• [Recorded information]:
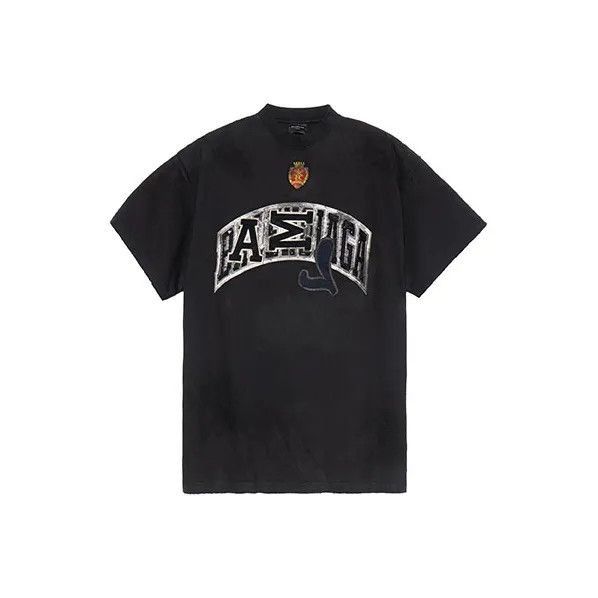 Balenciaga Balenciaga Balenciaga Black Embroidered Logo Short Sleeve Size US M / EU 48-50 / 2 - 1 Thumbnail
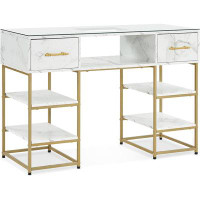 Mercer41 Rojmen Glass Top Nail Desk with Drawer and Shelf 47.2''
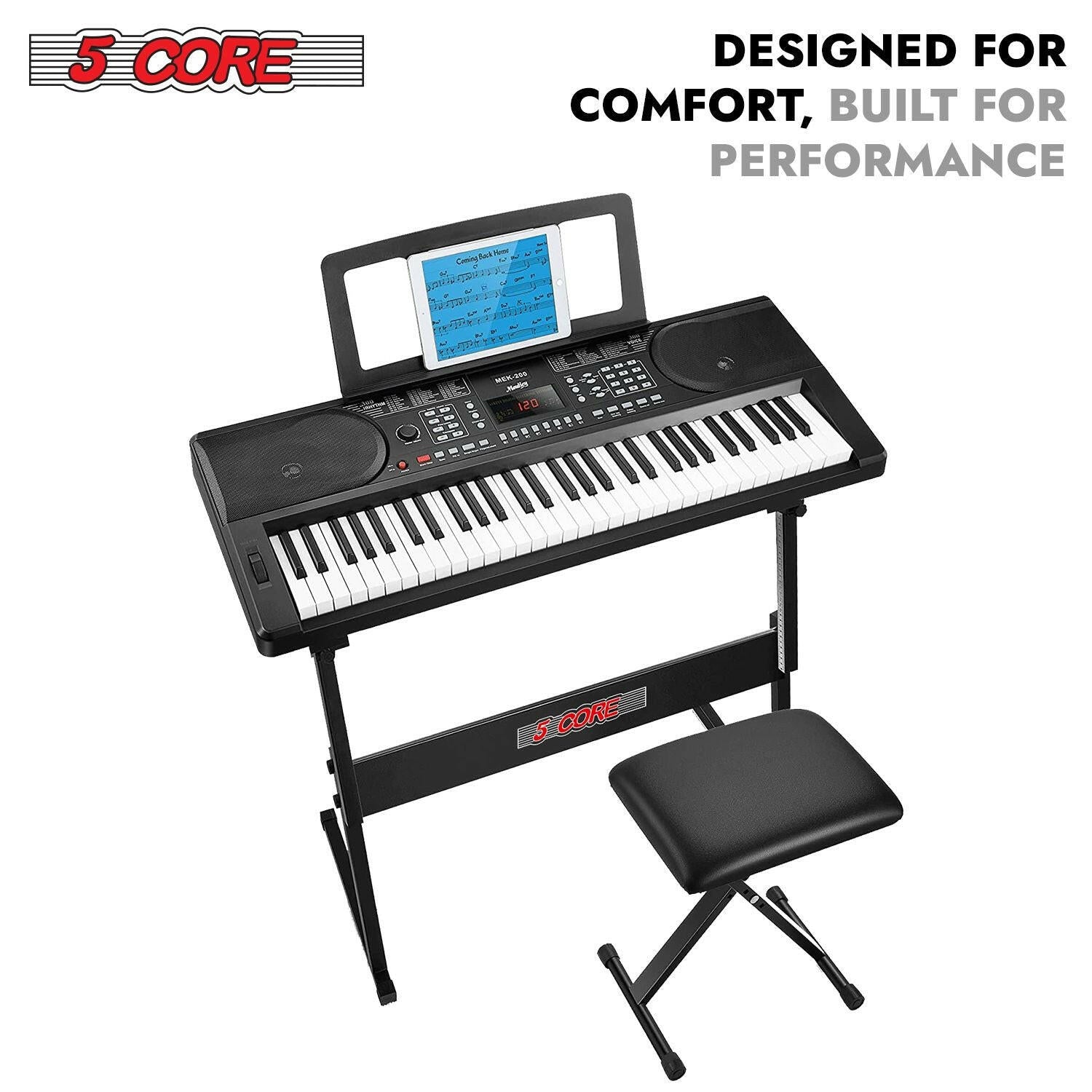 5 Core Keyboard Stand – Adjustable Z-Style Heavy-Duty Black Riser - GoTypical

• [What is needed]:
Leaving the pictures aside, repeat the data above exactly.

• [Exercise output]:
 Balenciaga Balenciaga Balenciaga Black Embroidered Logo Short Sleeve Size US M / EU 48-50 / 2 - 1 Thumbnail
 Mercer41 Rojmen Glass Top Nail Desk with Drawer and Shelf 47.2''
 5 Core Keyboard Stand – Adjustable Z-Style Heavy-Duty Black Riser - GoTypical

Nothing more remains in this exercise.